At 39%, U.S. has highest corporate tax rate (federal plus state) in developed world. OECD average is 25%
The government levies discriminatory taxes on industries, goods and services in the form of excise taxes, which increase consumers’ costs on top of other business or sales tax already built into the price of a product.
The levying of excise taxes is one of the ways government attempts to undermine the free choice of consumers, applying a heavy tax burden to goods whose use it wishes to discourage. These excise taxes are traditionally known as “sin taxes” as they are justified by lawmakers as an effort to manipulate consumer behavior. Traditionally, the tobacco and alcohol industries have been targeted with excessive taxes, but soon other ubiquitous products, such as salt, sugar and bottled water, may face the same kind of discrimination.
Similarly, the government targets popular services to pad its coffers, levying excessive and discriminatory taxes on amenities such as airfare, hotel stays, car rentals and meals out.

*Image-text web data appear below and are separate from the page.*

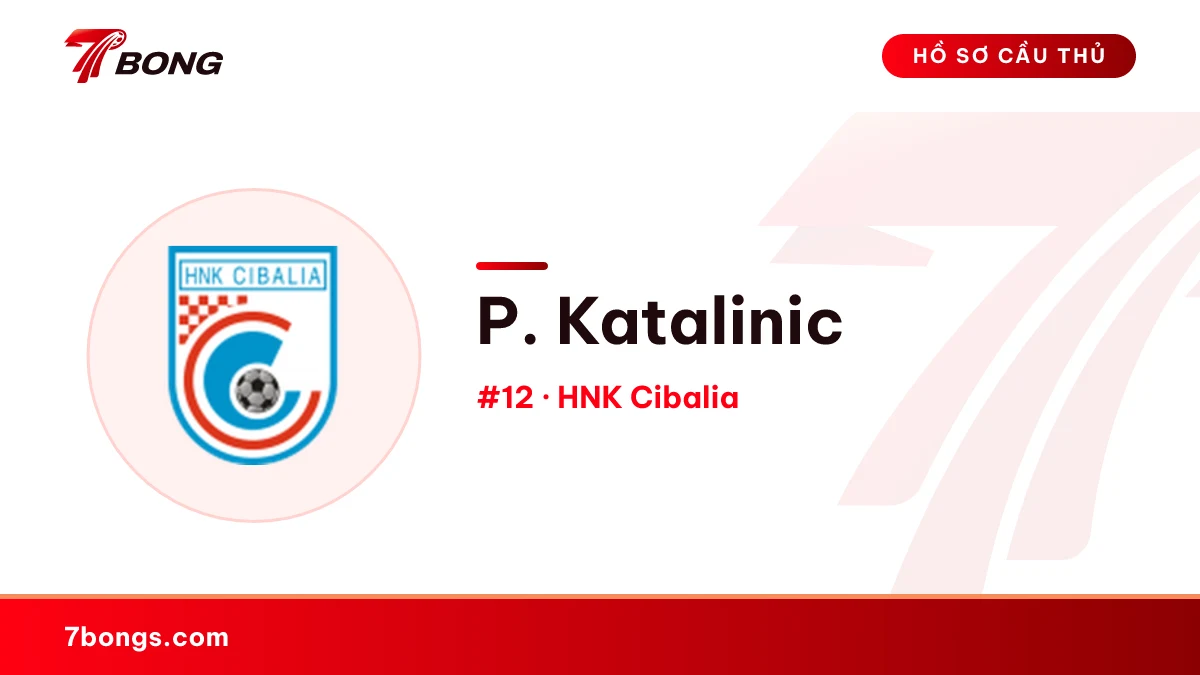 P. Katalinic — HNK Cibalia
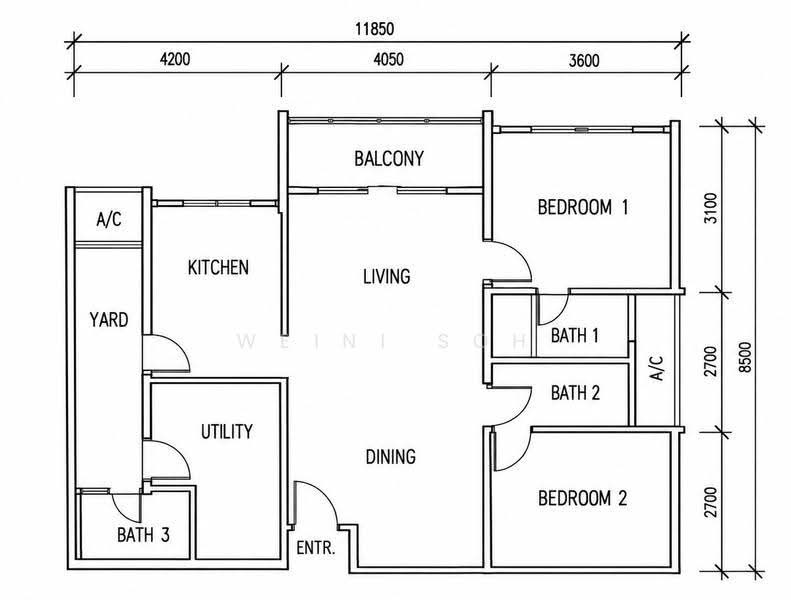 Kediaman Servis untuk Dijual di SkyVille 8 @ Benteng 8 oleh Weini Soh - iProperty.com.my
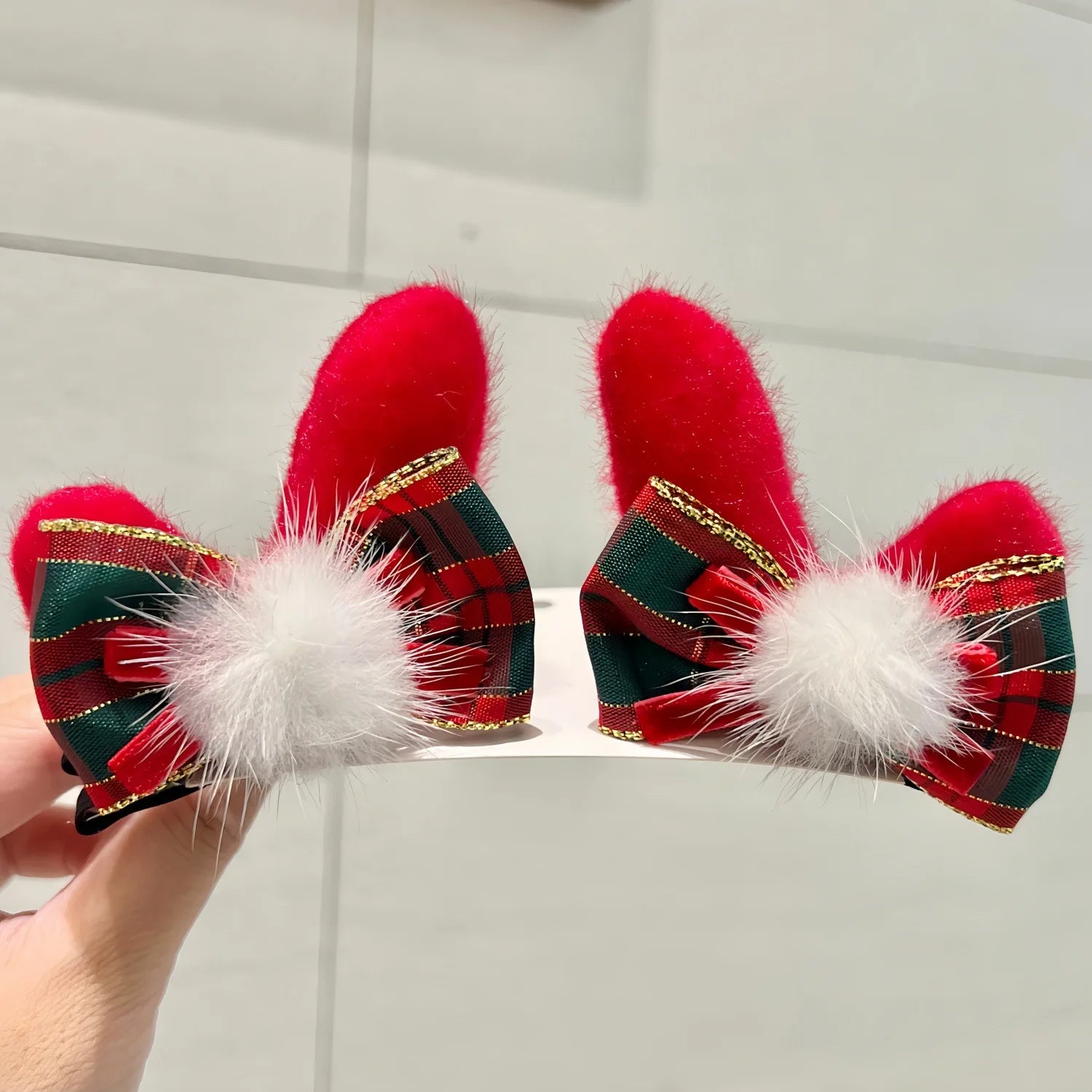 Kawaii Christmas Ear Hair Clip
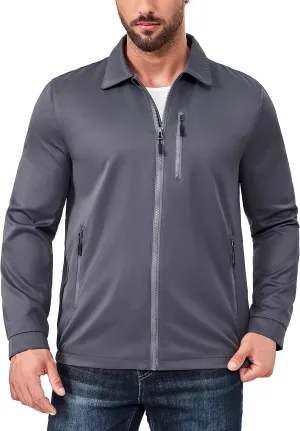Little Donkey Andy Men's Lightweight Windbreaker Casual Jacket Spring Fall Softshell Outwear for Hiking Travel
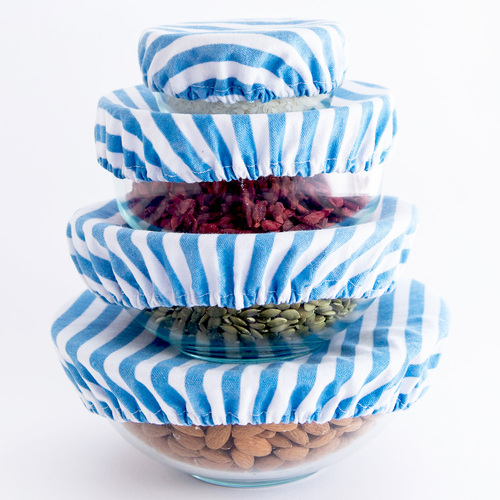 4myearth Cotton Food Cover Set – Denim Stripe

In most cases, the cost of government makes up half the price of these universal services.
In addition, the oil and gas and transportation industries are burdened by disparate excise taxes on fuel, with different taxes levied on aviation fuel and diesel fuel. In addition, consumers feel pain at the pump from the federal gasoline excise tax, as well as gas taxes applied by states.
The Cost of Government Center publishes an annual calculation of the tax “bite” taken by government in the form of multiple layers of hidden taxes on popular products and services. This shows how excise taxes increase the costs of a good, as well as sales taxes, corporate income taxes, payroll taxes, property taxes, capital gains taxes, unemployment insurance taxes, workman’s compensation taxes and other payments businesses must make to federal, state and local governments, all of which are passed on in some form to consumers.